Data shown:
=== Section Start ===
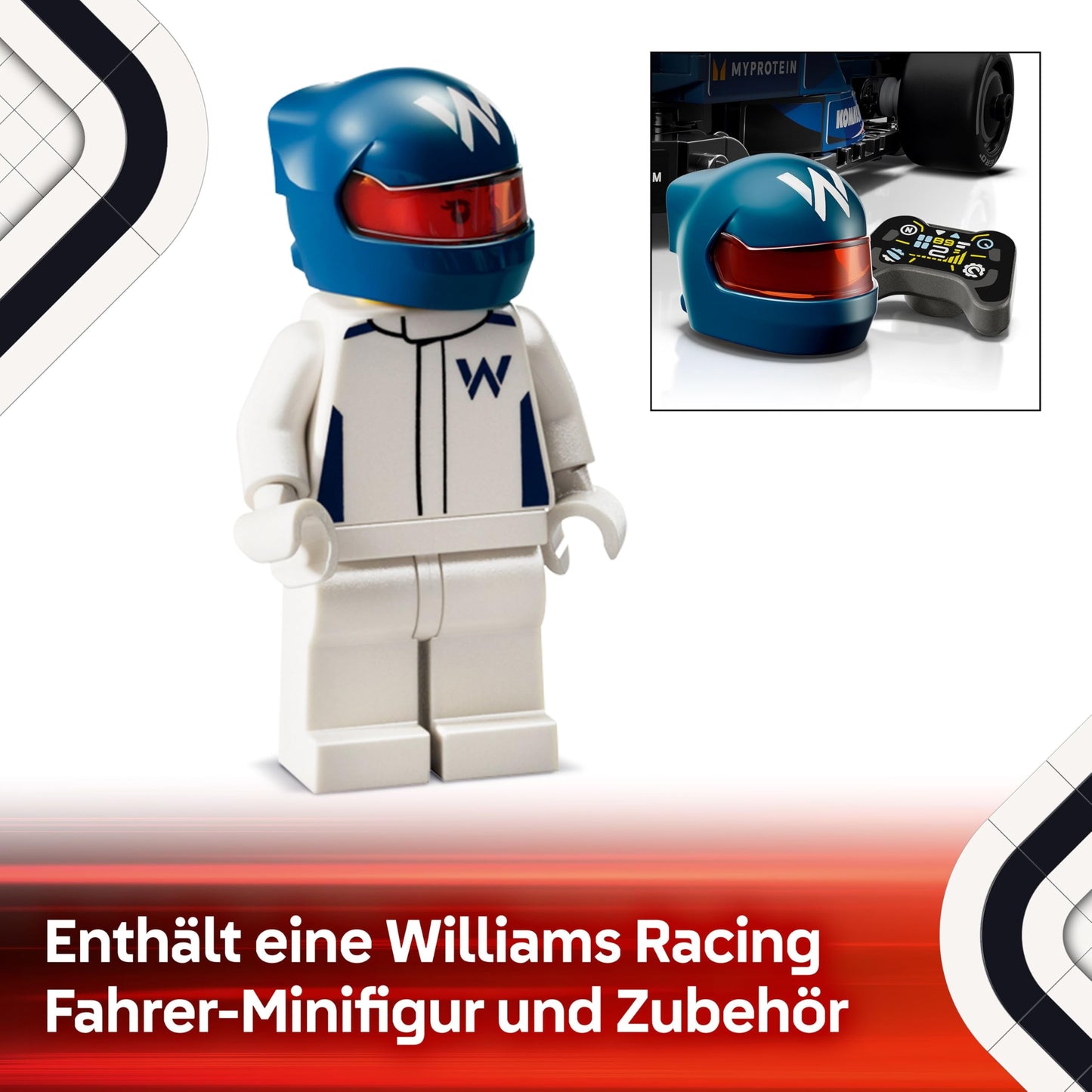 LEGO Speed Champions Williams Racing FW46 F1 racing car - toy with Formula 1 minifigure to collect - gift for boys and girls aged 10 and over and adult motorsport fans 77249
=== Section End ===
=== Section Start ===
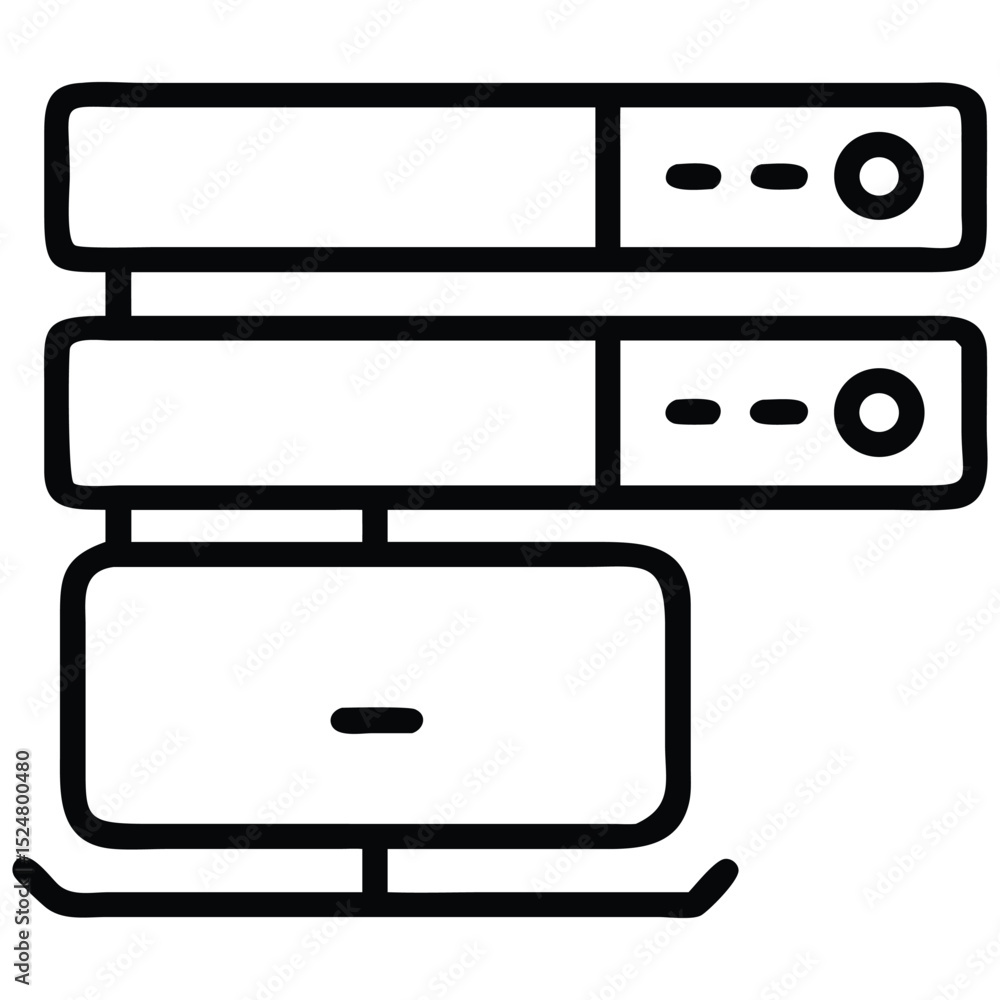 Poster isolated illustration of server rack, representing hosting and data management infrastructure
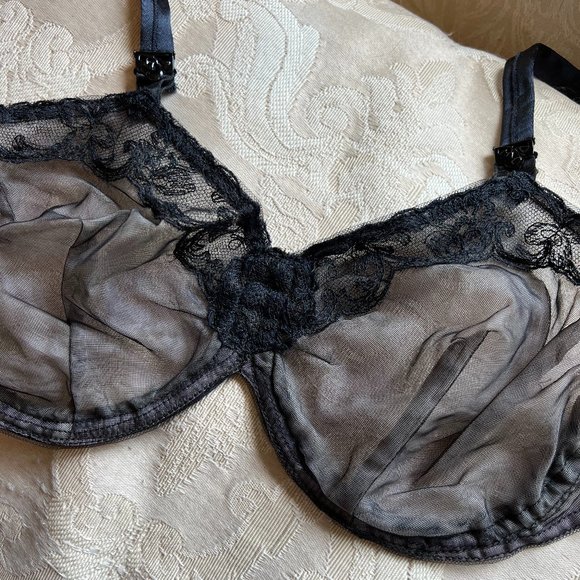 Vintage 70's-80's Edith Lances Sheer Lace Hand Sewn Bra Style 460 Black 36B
=== Section End ===
Assigned task: Look above and copy only the lines from the one holding "Poster isolated illustration" to the one holding "Vintage 70's-80's Edith", both included, exactly, minus the pictures.

Answer for this exercise:
 Poster isolated illustration of server rack, representing hosting and data management infrastructure
 Vintage 70's-80's Edith Lances Sheer Lace Hand Sewn Bra Style 460 Black 36B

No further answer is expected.